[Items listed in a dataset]
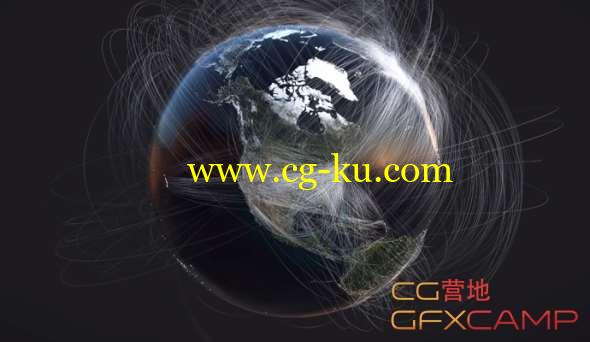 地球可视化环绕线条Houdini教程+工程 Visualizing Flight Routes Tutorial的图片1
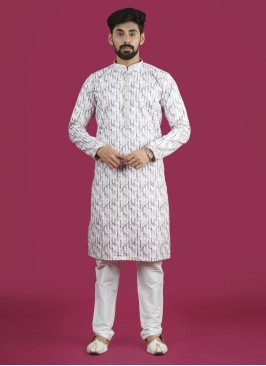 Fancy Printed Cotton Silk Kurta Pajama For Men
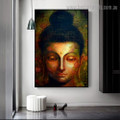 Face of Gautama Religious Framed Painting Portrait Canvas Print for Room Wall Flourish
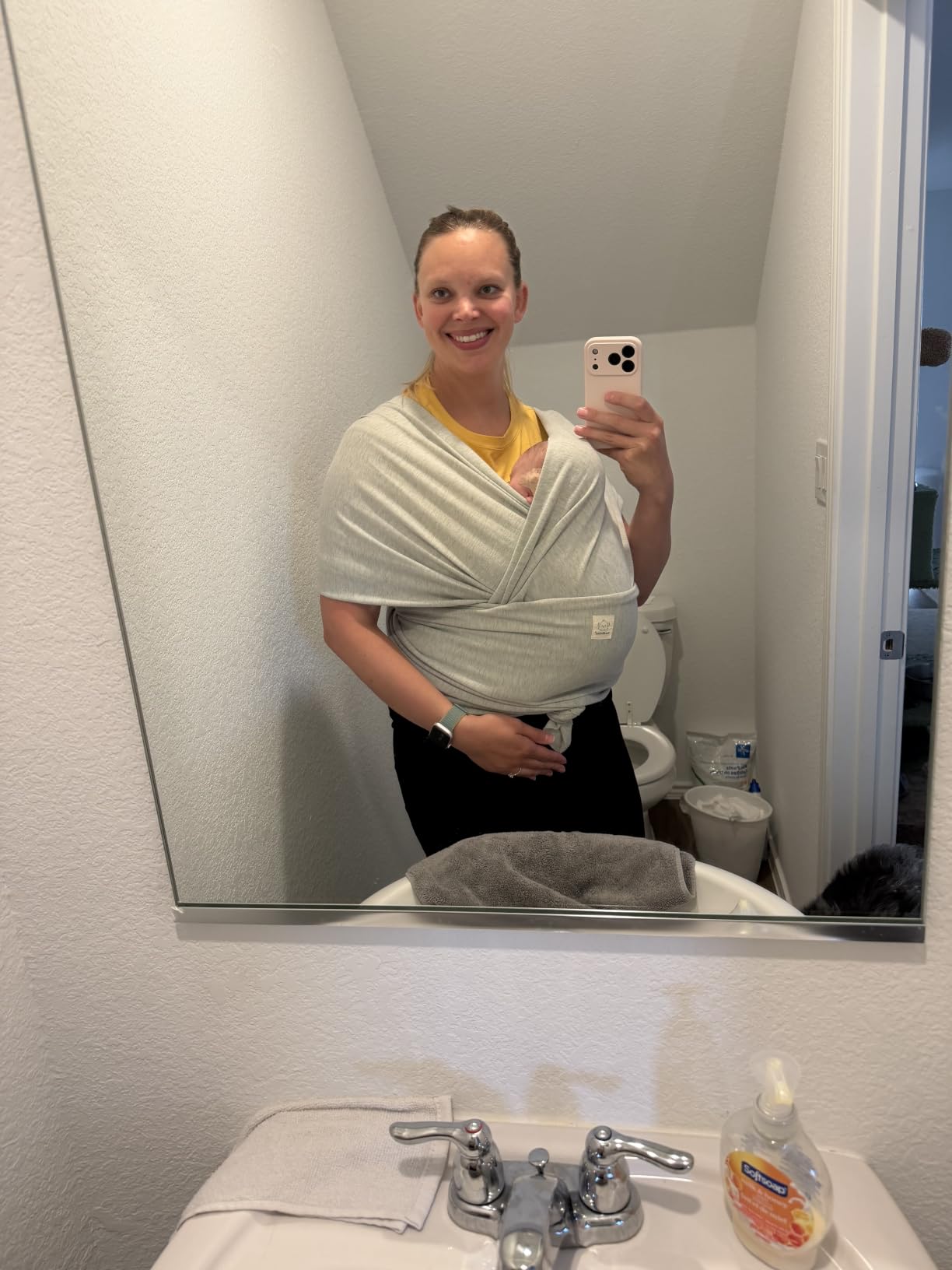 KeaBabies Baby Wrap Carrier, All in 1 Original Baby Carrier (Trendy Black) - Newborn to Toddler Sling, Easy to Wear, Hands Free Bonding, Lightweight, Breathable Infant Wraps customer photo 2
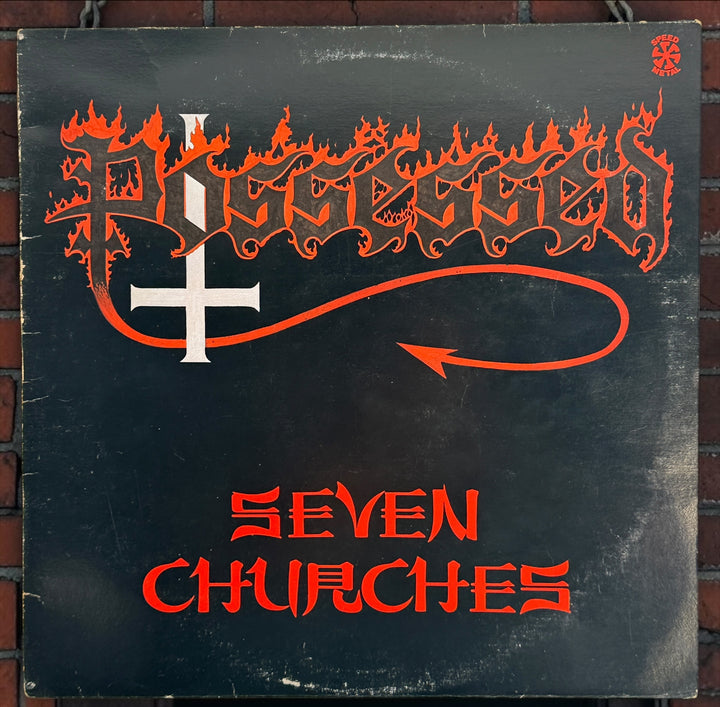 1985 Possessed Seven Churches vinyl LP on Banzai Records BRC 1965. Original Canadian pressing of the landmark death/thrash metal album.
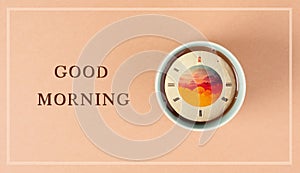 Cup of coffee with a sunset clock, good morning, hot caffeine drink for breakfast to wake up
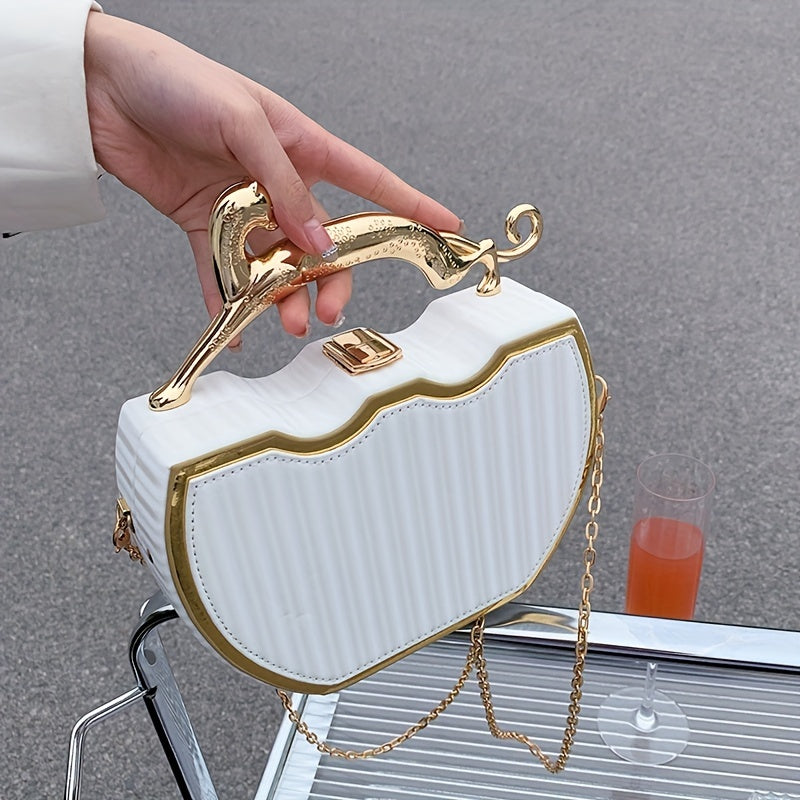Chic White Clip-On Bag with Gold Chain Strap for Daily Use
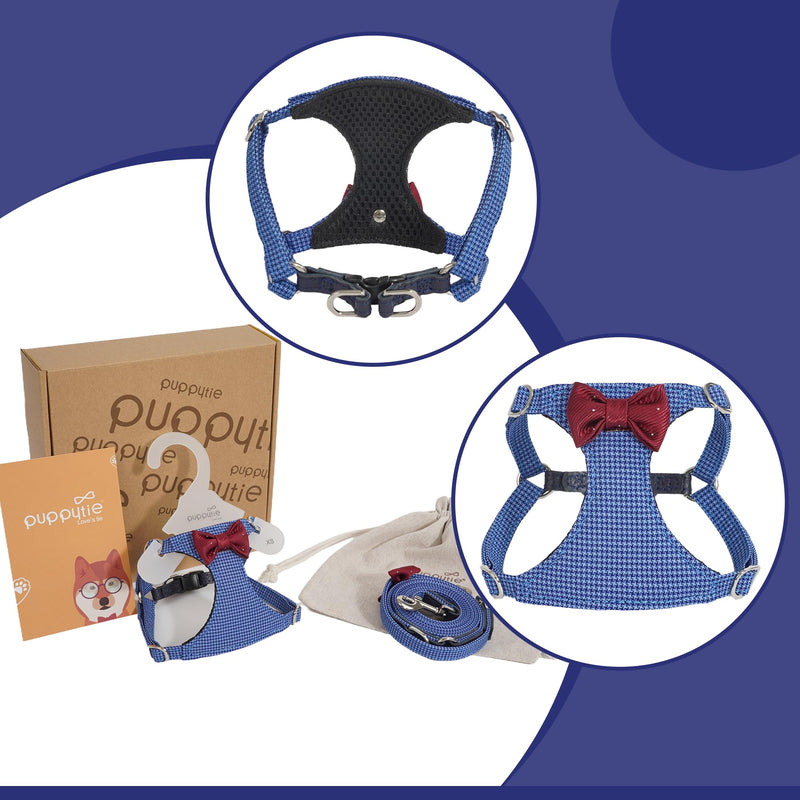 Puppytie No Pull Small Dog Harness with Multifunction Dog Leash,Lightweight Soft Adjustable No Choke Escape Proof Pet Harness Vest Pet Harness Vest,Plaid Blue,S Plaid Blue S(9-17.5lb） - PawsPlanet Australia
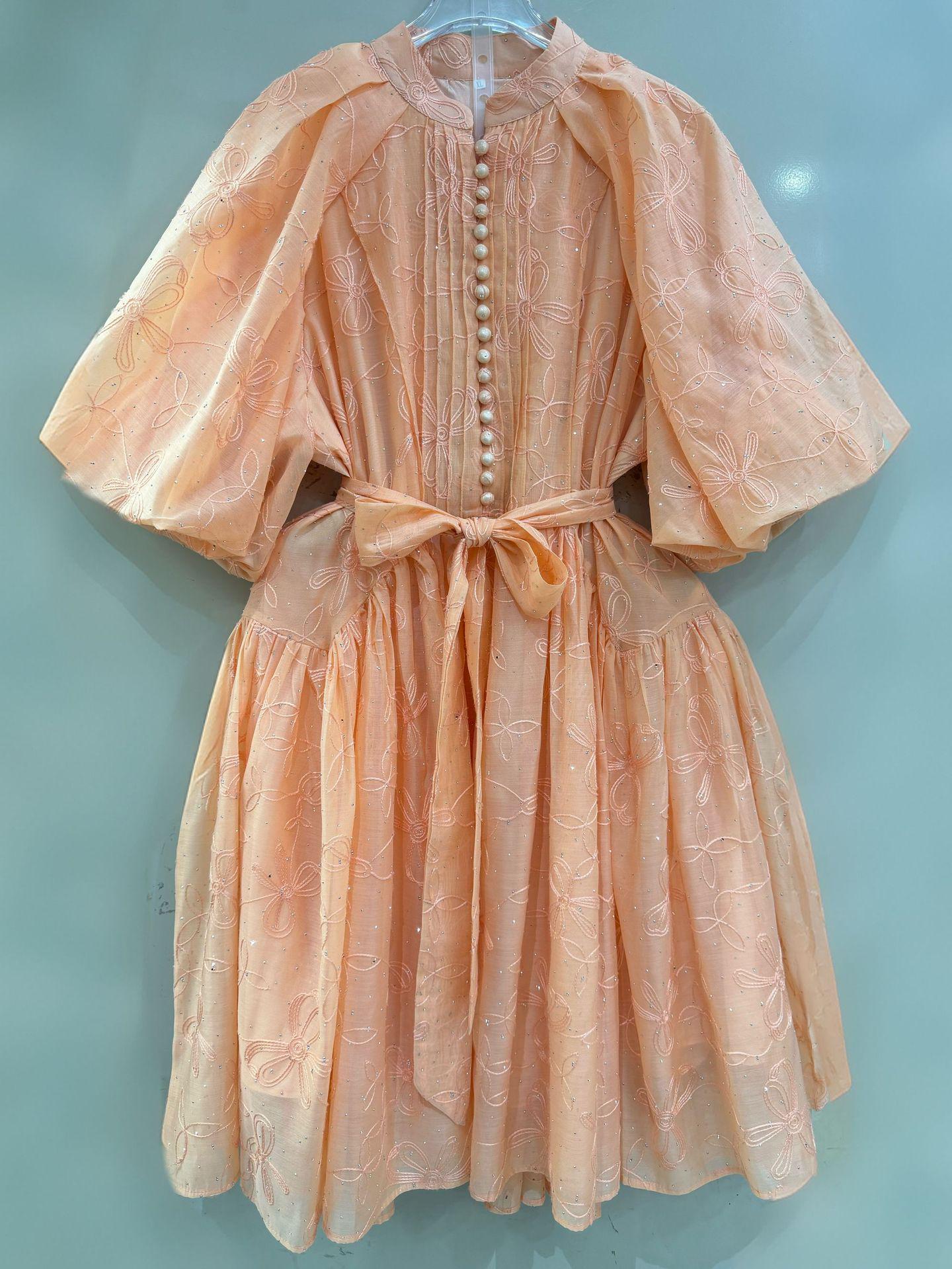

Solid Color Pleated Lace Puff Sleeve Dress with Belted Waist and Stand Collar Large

Task goal: Copy out exactly, with no pictures, the lines of the data from the first one through the line bearing "KeaBabies Baby Wrap".

Task solution:
 地球可视化环绕线条Houdini教程+工程 Visualizing Flight Routes Tutorial的图片1
 Fancy Printed Cotton Silk Kurta Pajama For Men
 Face of Gautama Religious Framed Painting Portrait Canvas Print for Room Wall Flourish
 KeaBabies Baby Wrap Carrier, All in 1 Original Baby Carrier (Trendy Black) - Newborn to Toddler Sling, Easy to Wear, Hands Free Bonding, Lightweight, Breathable Infant Wraps customer photo 2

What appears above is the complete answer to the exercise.